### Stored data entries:
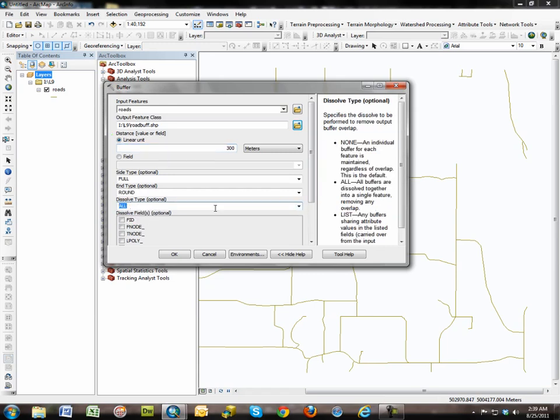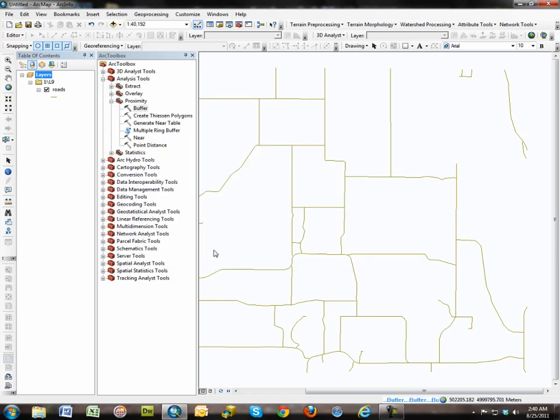In most cases you want to dissolve all, where you dissolve all the buffers together into a single feature. This saves you future steps. You click OK and it begins the buffering process.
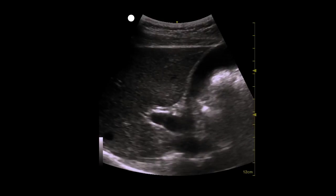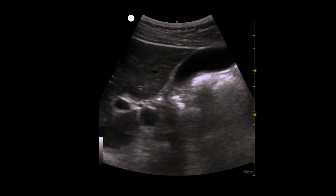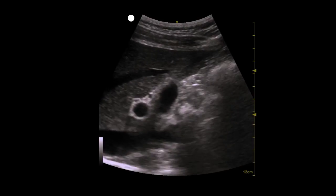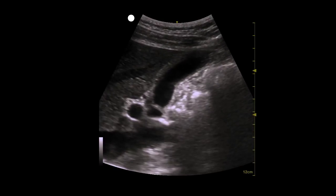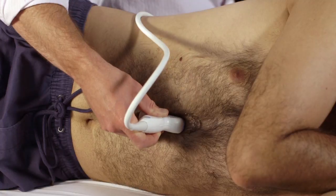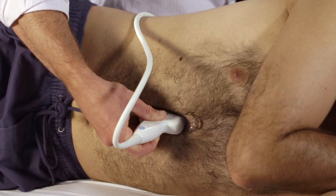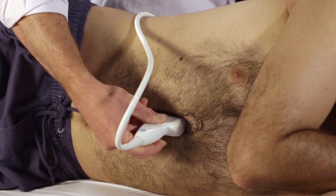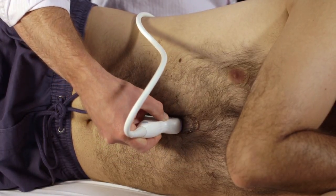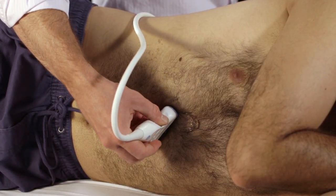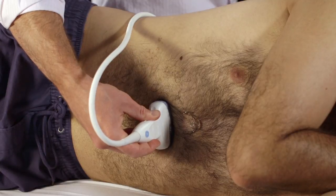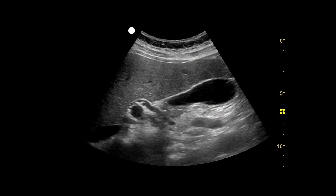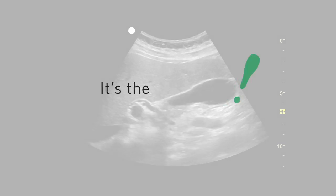Remember that the gallbladder may have any orientation — it will not necessarily lie in longitudinal. Thus, you may need to tilt and rotate the probe clockwise or counterclockwise with fine movements until the gallbladder is seen in its true long axis. You can confirm that it is the gallbladder by finding the exclamation point sign.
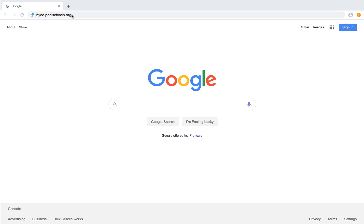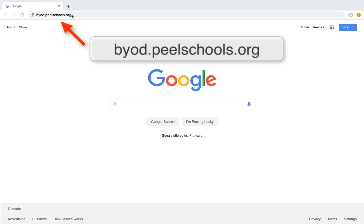In order to access the Peel District School Board online learning tools, you'll first need to enter byod.peelschools.org into your internet browser.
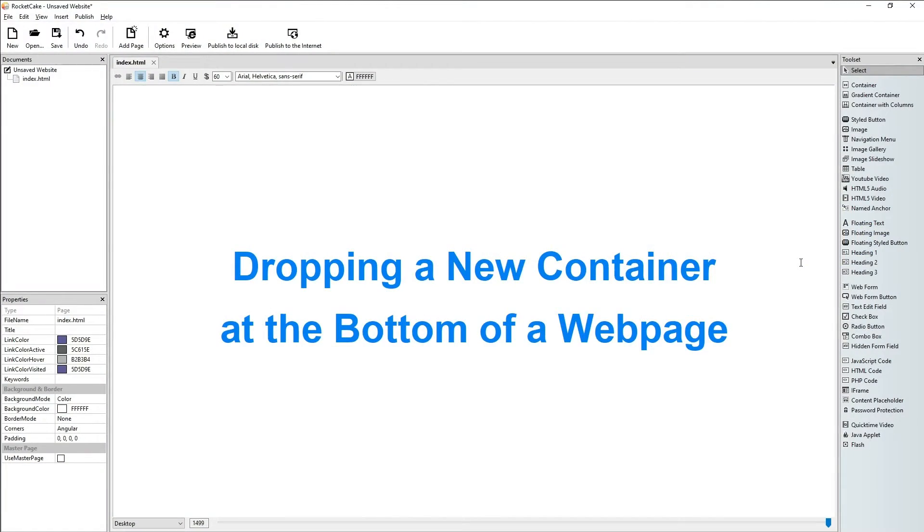Hi! Welcome to this Rocket Cake tutorial in which we will talk about dropping a new container at the bottom of a web page.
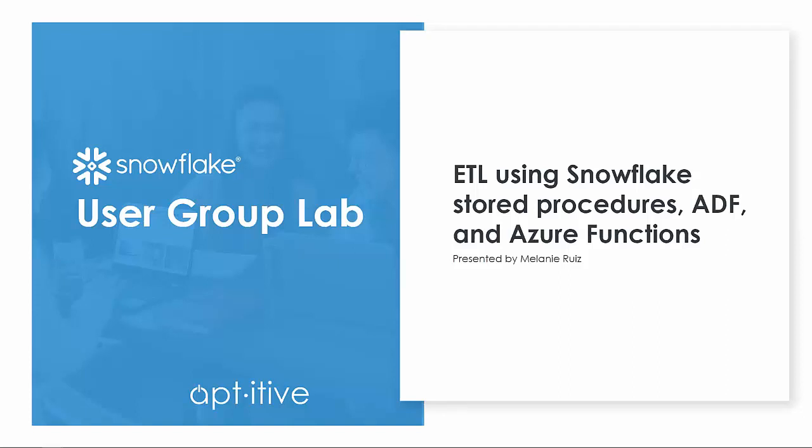Hello and welcome to this webinar, Performing ETL in Snowflake using Snowflake Stored Procedures, Azure Data Factory, and Azure Functions.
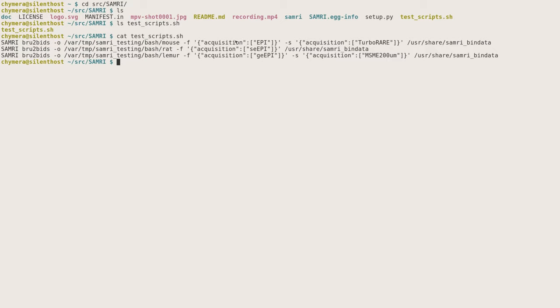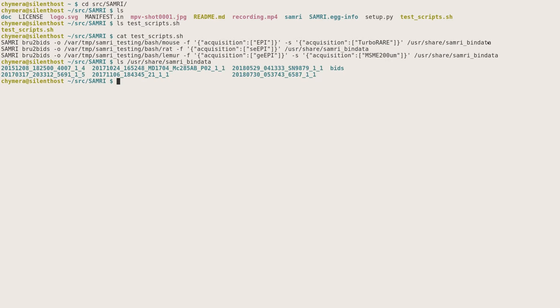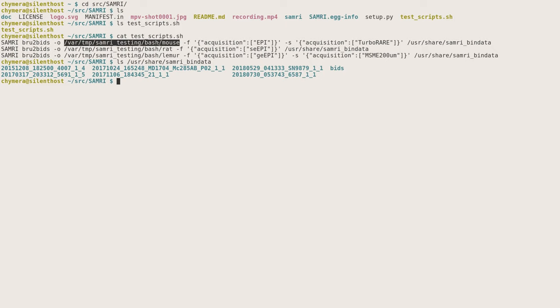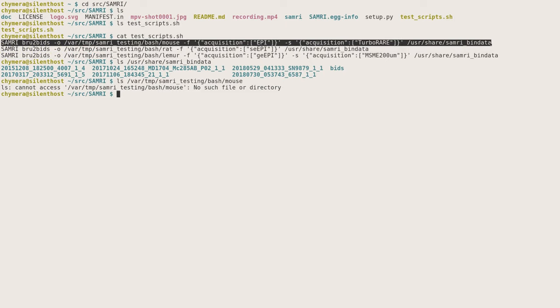"-f" is the selection criterion for the functional scan, "-s" the selection criterion for the structural scan, and the last directory is the directory from which the data is sourced. If you look inside of it, you will notice that there are a bunch of Bruker ParaVision directories inside. If you look at the output directory, you will see that it is currently non-existent.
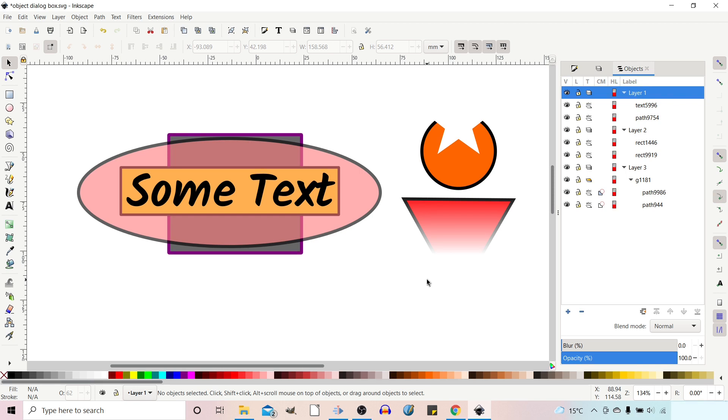Hello and welcome to another video on Inkscape. In this video we're going to be taking a look at the Objects dialog box, which is essentially a souped-up version of the Layers dialog box, giving us a hierarchical view of everything that makes up our project. Stay tuned and we'll take a look.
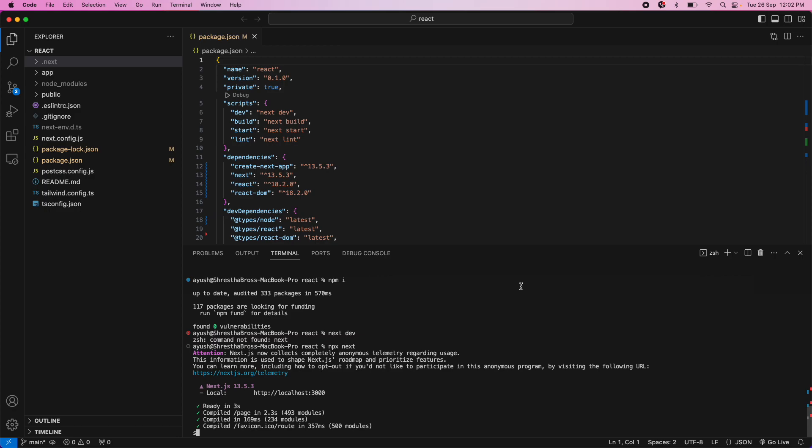This is the first time that you have built the project and you have encountered a permission issue when trying to build.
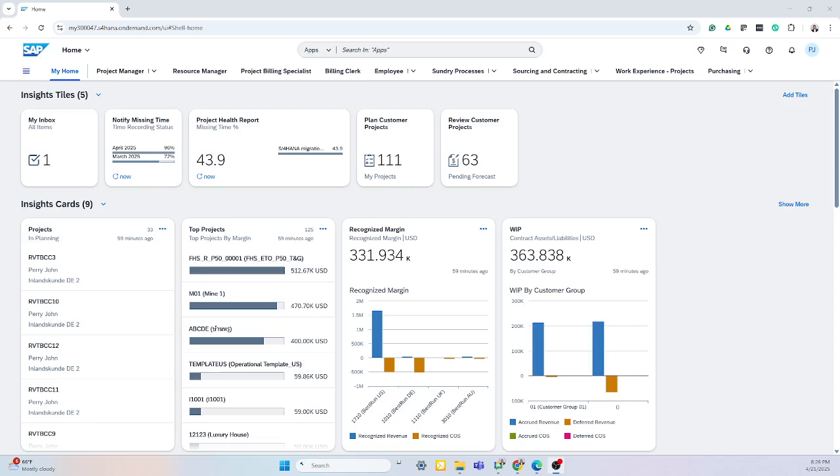Hello, my name is Zach Goode. I'm a Solution Advisor here at Navigator Business Solutions, and today I'm going to show you how simple it is for professional services companies to track their projects and resources within the SAP S4 HANA Public Cloud Edition platform.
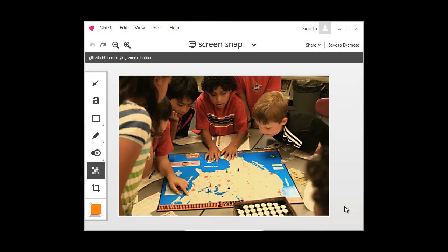Hey guys, this is Chris from TPTSchool.com. Today I'm going to teach you how to use a program called Sketch to block out student faces in images that you may have taken of your students using some of your products for sale on Teachers Pay Teachers. This is helpful for school districts that don't allow students' faces to be shown on the internet or especially in TPT products.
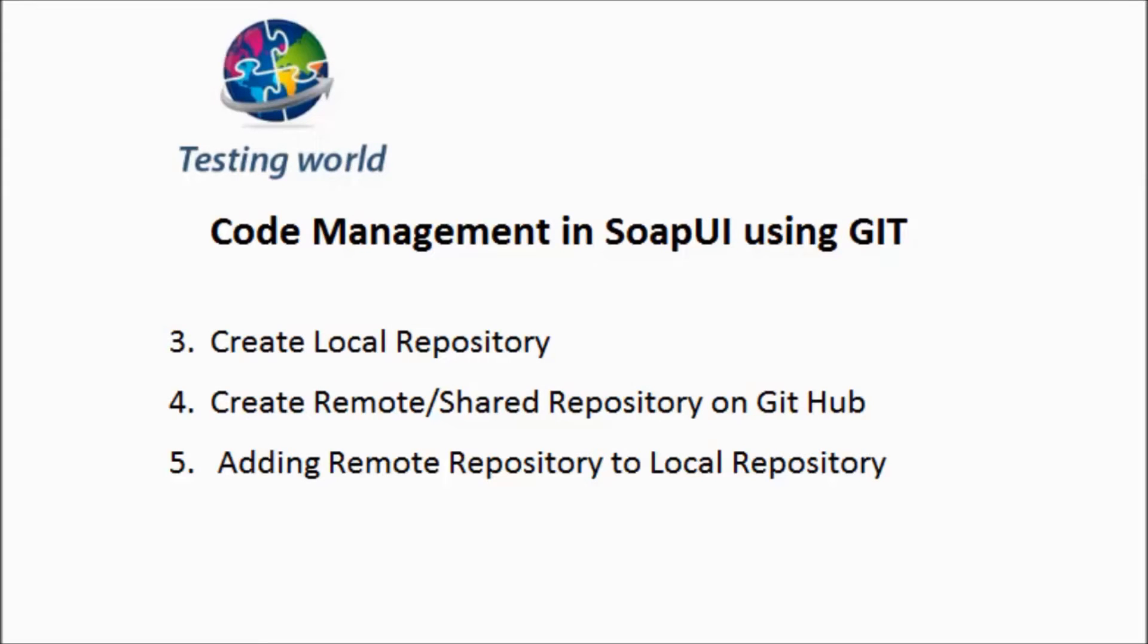Welcome to the testing world. This is the second video of code management in SoapUI using Git.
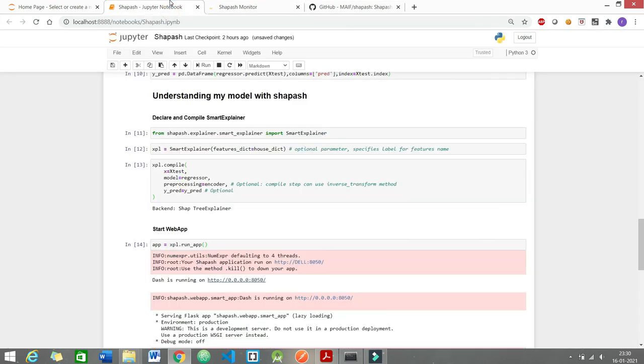You can also export this model to a pandas data frame and also you can save it to a pickle file.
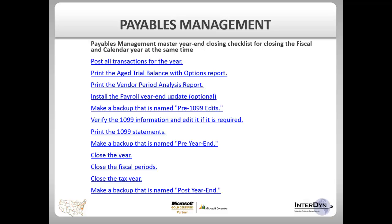Now you are ready to close your year. Once you have closed the year, you can close the fiscal periods for the purchasing module. If you are tracking sales tax in the purchasing module, then you can close your tax year, but only after your receivables module has been closed if you are tracking sales tax there as well. The last step will be to make a backup named Post-Year End.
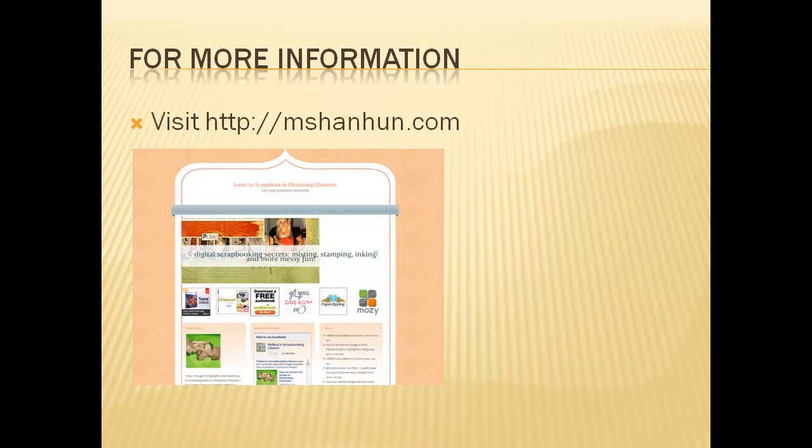Do you have more Photoshop Elements questions? Leave me a comment below and let me know which tutorial you'd like to see next.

### WORK TO BE COMPLETED:
Only an exact copy belongs in the answer: the lines from the one containing "Hello, my name" through the end of the records, both ends included, minus the pictures.

### RESULT FOR THIS EXERCISE:
Hello, my name is Zach Goode. I'm a Solution Advisor here at Navigator Business Solutions, and today I'm going to show you how simple it is for professional services companies to track their projects and resources within the SAP S4 HANA Public Cloud Edition platform.
Hey guys, this is Chris from TPTSchool.com. Today I'm going to teach you how to use a program called Sketch to block out student faces in images that you may have taken of your students using some of your products for sale on Teachers Pay Teachers. This is helpful for school districts that don't allow students' faces to be shown on the internet or especially in TPT products.
Welcome to the testing world. This is the second video of code management in SoapUI using Git.
You can also export this model to a pandas data frame and also you can save it to a pickle file.
Now you are ready to close your year. Once you have closed the year, you can close the fiscal periods for the purchasing module. If you are tracking sales tax in the purchasing module, then you can close your tax year, but only after your receivables module has been closed if you are tracking sales tax there as well. The last step will be to make a backup named Post-Year End.
Do you have more Photoshop Elements questions? Leave me a comment below and let me know which tutorial you'd like to see next.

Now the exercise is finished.